毎年全国で戦没者追悼や平和祈念の式典で繰り返されているが 生活保護申請件数の急増 

 「今日、私たちが享受している平和と繁栄」。これは昨年、令和2年8月15日の「全国戦没者追悼式」での総理大臣式辞にある言葉です。6月23日の「沖縄全戦没者追悼式」の内閣総理大臣挨拶でもほぼ同じ言葉が述べられている。これに近い言い回しは、内閣総理大臣に限らず、毎年、全国での戦没者追悼や平和祈念の式典で多くの首長などによって繰り返されています。

 ところで、今日、昨年度の生活保護の申請件数が大きく増えたという厚生労働省の速報値を元にした情報がニュースで伝えられました。
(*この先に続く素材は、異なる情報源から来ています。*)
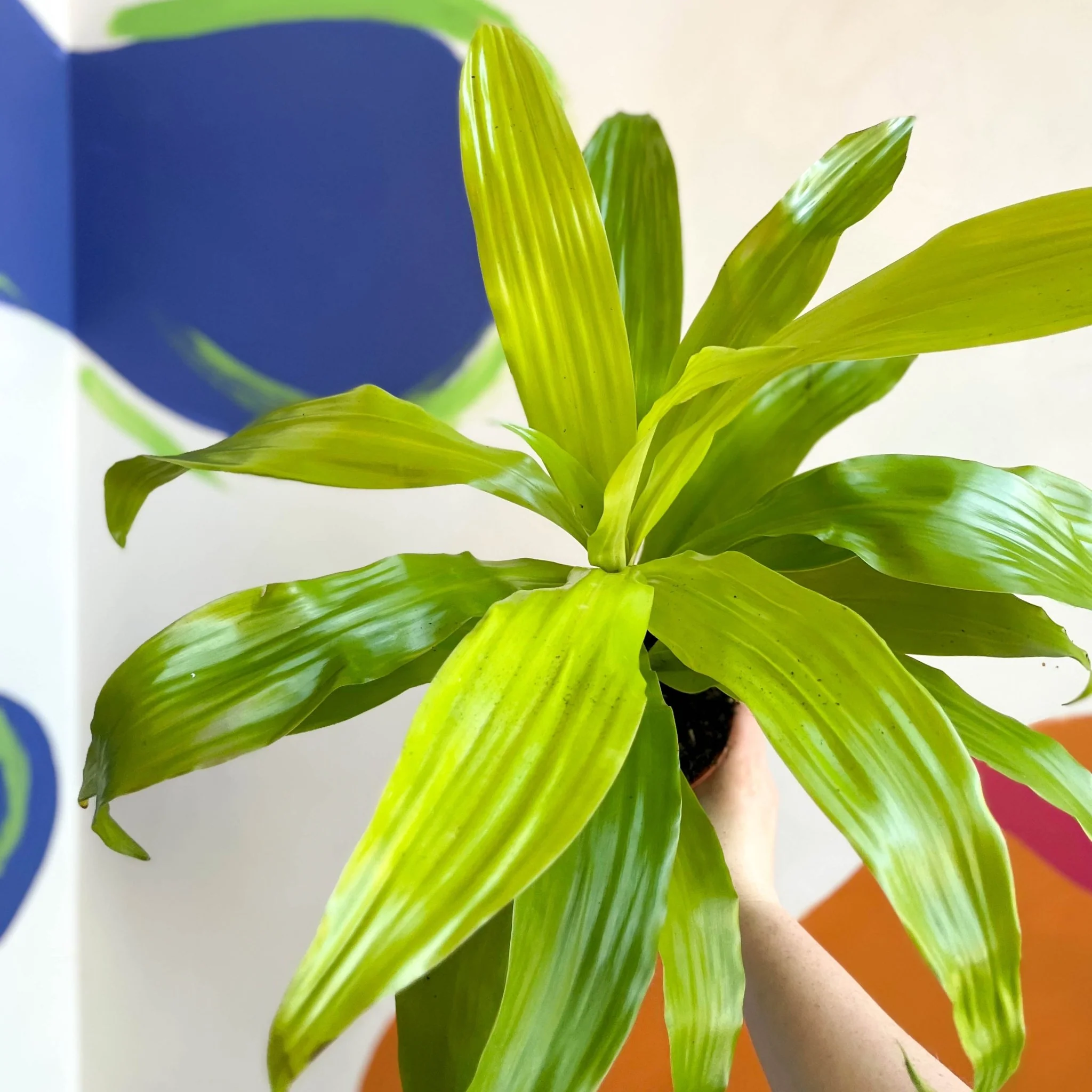 Corn Plant - Dracaena fragrans 'Limelight' - British Grown - Image 4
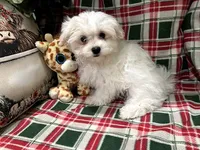 Dixie Male 1, a male Maltese for sale in Center Point, TX – 1 of 1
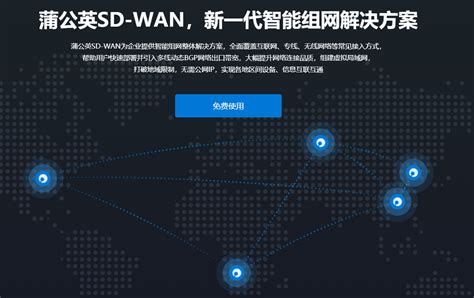 异地组网跨境访问——SD-WAN组网客户方案展示 - 知乎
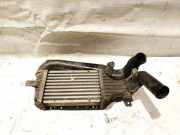 Ladeluftkühler Opel Astra, G 1998.09 - 2004.12 09129519DX,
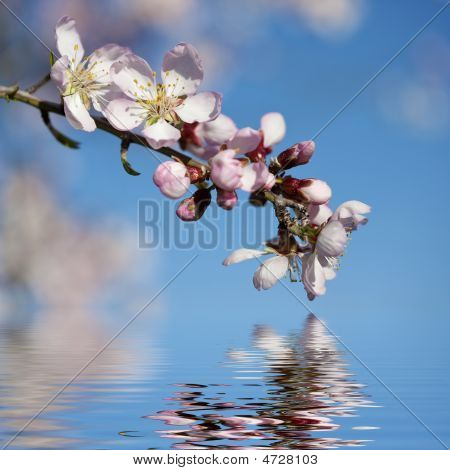Spring Background With Pink Almond Flower And Water Reflexion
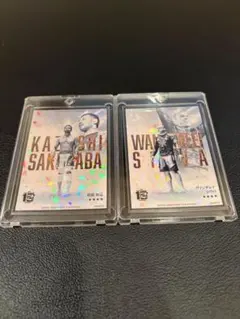 Item thumbnail for item 8d8c6e76-c03e-488c-a08f-85419fb1361e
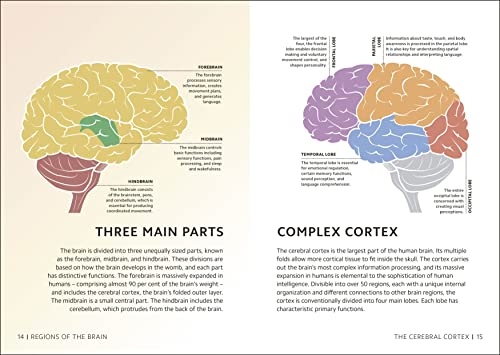 Simply The Brain (DK Simply)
申請件数が22万8000件余りと前の年度より2.3%増えて、リーマンショックの影響を受けた2009年度以来の増加。月別で見ると、今年3月申請件数は、全国で2万2839件で、前年同月と比べて1809件、率で8.6%増。前々年の同月と比べると16.6%の増加。
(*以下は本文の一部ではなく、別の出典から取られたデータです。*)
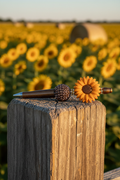 Terracotta-orange sunflower beaded pen in a rustic farm setting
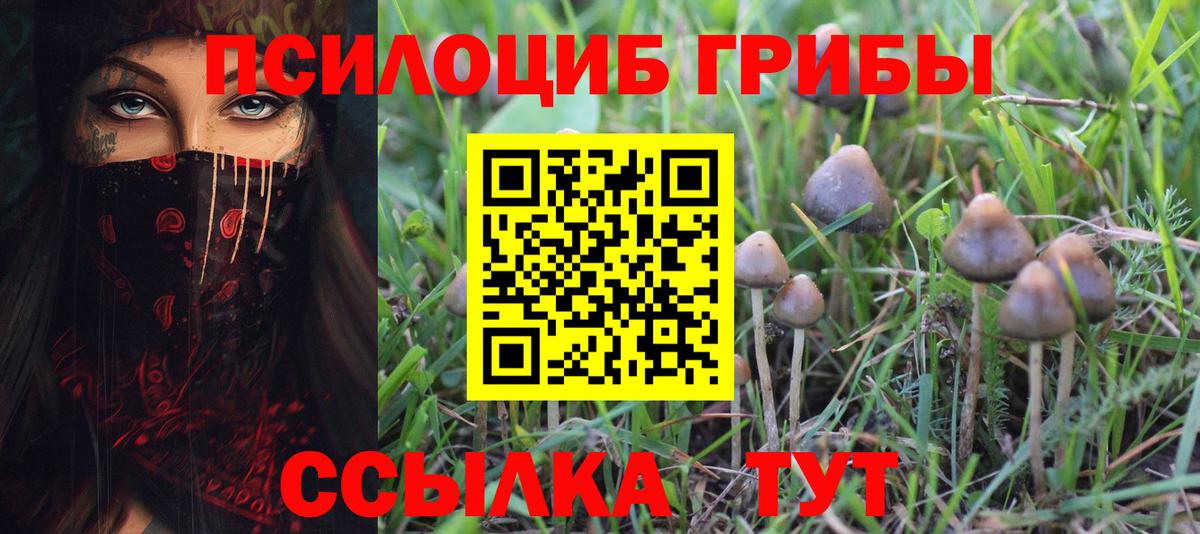 Галлюциногенные грибы мицелий  Псилоцибиновые грибы GOLDEN TEACHER  Обнинск  Вход с VPN 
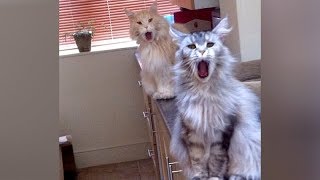 ANIMAL SOUNDS so WEIRD you'll be CONFUSED! - Super FUNNY ANIMAL VIDEOS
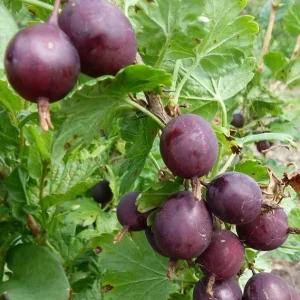 Jostaberry Live Plant - Thornless Gooseberry Currant Cross Bush, 6-12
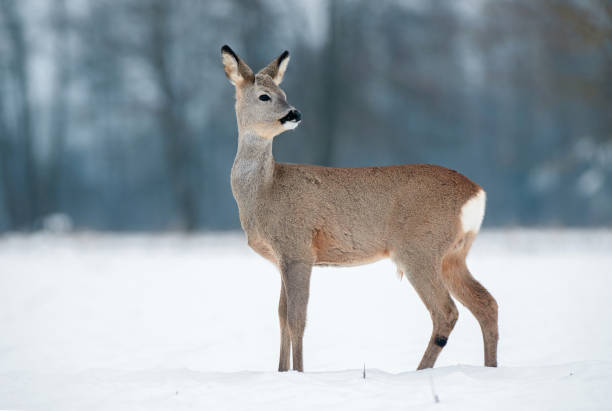 istock Young roe buck without antlers during winter time 639558556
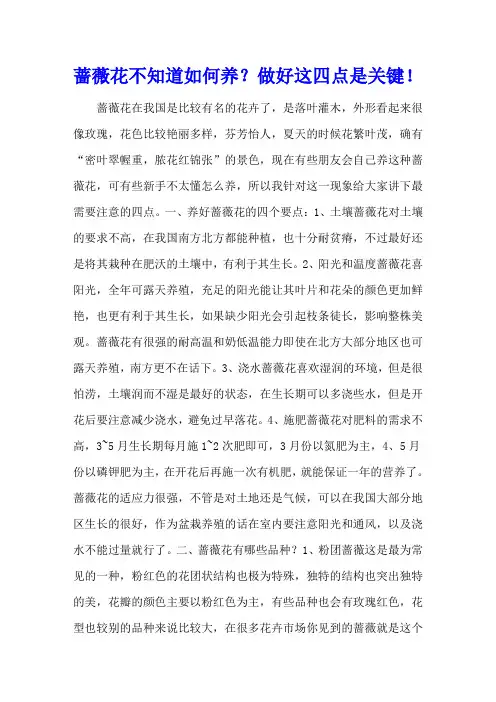 蔷薇花不知道如何养？做好这四点是关键!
コロナ禍の生活困窮には生活保護制度とは別の支援が必要 

 生活保護制度の問題については、去る1月27日の菅首相の参院予算委員会での発言に関して書いたので詳しくは繰り返しません。国の発表でも22.9%となっている捕捉率の問題。生活保護基準を下回る経済状況にある世帯のうち、8割ほどが実際は生活保護を受けていない。

 それと生活保護制度は社会が通常の状態にあって、受給者が支援によって自立に向けた取組みができることが前提になっています。ところが、コロナ禍の今は、店を開けたり、上演や催しを開催すること、働くことや営業することをとめられている状況。コロナ禍の生活困窮には生活保護制度とは別の支援の仕組みが必要であることは以前書きました。
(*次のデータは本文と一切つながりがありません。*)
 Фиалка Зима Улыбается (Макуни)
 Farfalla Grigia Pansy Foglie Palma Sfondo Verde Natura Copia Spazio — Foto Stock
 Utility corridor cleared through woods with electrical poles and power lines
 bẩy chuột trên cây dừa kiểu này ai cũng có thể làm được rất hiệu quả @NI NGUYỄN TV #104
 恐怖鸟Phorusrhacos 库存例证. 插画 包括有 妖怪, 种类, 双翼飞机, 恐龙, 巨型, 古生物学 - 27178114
冷戦枠組みの中における高度経済成長期前提の常套句は現状認識と対策を見誤らせる

 平和に関しても、コロナ禍のなか、オリンピックとパラリンピックを開くか開かないかが大きな政策課題になっているという意味では、平和と言えなくはない。しかし、詳しくは触れませんが、冷戦が良かったわけではないが、そのかつての枠組みの中における高度経済成長期日本の状況を前提にした言い回しをいつまでも使い続けるわけにはいかない。「平和と繁栄」は目標であっても、「今日、私たちが享受している」と言える限界は過ぎているはず。この常套句は現状認識と対策を見誤らせる恐れがあります。

首長には「平和と繁栄」はもはや現状ではなく目標であるという前提で事に当たってほしい

 政府のコロナ感染防止対策に先の大戦時の状況認識と政策・戦略対応の相似を感じている人は少なくない。伝統としてか、または慣習・癖としてか、それが底流にあってもおかしくない。そこに高度経済成長期日本の一億総中流幻想を重ねていては、展望がない。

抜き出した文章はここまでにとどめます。